Canada’s Trans Mountain oil pipeline has been shut down temporarily because of rainstorms pounding parts of the province of British Columbia, the operating company said in a statement on Nov. 15.

The Canadian government-owned pipeline ships 300,000 bbl/d of crude and refined products from Alberta to the Pacific Coast. Work on a major expansion project on the pipeline has also been halted, Trans Mountain Corp. said.

“As a precaution, Trans Mountain has shut down the Trans Mountain Pipeline due to widespread flooding and debris flows in the area around Hope, B.C.,” a company spokeswoman said in an email. She did not give any information on when the pipeline is expected to restart.

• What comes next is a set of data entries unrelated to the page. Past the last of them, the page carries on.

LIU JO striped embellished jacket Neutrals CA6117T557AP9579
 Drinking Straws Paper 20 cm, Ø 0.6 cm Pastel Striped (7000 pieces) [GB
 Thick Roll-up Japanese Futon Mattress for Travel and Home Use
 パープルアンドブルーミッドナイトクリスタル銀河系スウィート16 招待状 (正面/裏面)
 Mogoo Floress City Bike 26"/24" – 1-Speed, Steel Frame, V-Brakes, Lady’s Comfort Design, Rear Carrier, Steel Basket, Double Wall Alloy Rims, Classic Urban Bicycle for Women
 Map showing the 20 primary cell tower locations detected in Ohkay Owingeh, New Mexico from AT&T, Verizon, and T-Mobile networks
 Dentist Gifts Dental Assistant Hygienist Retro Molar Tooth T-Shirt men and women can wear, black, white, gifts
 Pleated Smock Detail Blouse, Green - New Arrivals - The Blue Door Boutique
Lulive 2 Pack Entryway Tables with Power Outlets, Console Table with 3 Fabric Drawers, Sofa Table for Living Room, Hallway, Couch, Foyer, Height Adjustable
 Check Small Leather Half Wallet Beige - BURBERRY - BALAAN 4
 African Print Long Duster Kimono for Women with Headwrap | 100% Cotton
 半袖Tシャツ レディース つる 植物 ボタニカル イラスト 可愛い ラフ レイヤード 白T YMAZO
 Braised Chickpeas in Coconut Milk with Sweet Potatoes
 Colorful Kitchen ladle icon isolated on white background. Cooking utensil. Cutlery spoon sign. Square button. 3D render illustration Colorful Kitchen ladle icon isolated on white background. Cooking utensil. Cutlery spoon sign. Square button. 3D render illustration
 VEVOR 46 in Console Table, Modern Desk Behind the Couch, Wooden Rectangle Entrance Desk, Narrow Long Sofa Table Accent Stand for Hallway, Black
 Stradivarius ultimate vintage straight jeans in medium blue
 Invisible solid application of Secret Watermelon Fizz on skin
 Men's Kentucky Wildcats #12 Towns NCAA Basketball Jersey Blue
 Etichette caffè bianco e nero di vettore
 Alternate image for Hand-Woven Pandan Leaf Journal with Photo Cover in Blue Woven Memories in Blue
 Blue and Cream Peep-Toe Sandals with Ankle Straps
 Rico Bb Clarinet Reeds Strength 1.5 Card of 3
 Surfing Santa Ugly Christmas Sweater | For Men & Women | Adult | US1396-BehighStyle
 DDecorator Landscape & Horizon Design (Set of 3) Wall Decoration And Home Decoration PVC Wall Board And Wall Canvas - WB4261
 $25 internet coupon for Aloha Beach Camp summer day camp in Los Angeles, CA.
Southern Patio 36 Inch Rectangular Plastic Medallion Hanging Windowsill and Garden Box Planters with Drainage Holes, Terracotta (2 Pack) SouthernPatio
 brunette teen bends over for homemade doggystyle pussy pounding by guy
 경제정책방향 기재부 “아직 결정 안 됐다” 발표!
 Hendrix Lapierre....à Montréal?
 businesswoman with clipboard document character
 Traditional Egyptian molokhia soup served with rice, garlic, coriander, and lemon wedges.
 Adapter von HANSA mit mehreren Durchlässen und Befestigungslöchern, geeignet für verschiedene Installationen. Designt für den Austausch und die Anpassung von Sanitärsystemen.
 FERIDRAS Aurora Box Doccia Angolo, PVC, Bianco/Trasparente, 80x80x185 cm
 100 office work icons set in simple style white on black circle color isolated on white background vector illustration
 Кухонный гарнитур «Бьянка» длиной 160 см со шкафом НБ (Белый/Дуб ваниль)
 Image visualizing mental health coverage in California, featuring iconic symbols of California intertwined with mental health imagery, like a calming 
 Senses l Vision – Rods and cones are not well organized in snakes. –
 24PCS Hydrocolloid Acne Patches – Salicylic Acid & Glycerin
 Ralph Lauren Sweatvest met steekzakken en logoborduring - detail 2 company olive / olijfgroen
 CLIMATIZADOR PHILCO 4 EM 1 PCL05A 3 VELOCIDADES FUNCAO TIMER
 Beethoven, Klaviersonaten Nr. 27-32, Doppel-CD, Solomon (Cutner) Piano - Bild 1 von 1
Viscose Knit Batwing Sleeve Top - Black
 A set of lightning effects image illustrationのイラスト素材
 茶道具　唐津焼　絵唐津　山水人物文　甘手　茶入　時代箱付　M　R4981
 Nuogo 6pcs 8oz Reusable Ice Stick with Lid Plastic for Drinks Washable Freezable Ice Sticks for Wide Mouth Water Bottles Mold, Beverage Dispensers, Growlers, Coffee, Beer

Heavy rains and flooding are causing widespread disruption across Canada’s westernmost province. Landslides have trapped people in vehicles on highways and the entire town of Merritt, with a population of 7,000 people, has been ordered to evacuate.

Trans Mountain is a key oil export route and nearly two-thirds of its volumes in the first half of 2021 were light oil deliveries heading to U.S. refineries, said IHS Market Vice President Kevin Birn, citing Canada Energy Regulator data.

Refiners in Washington state—including Phillips 66 and BP—have other options to acquire oil, as they have access to the Pacific Ocean.

“The disruption's duration is the key metric for scale of impact,” Birn said.

Western Canada Select (WCS) crude for December delivery, the benchmark Canadian heavy crude grade, showed limited reaction to the pipeline shutdown. WCS last traded at $19.15/bbl below U.S. crude futures, according to NE2 Canada Inc., 70 cents narrower than the Nov. 12 settlement price.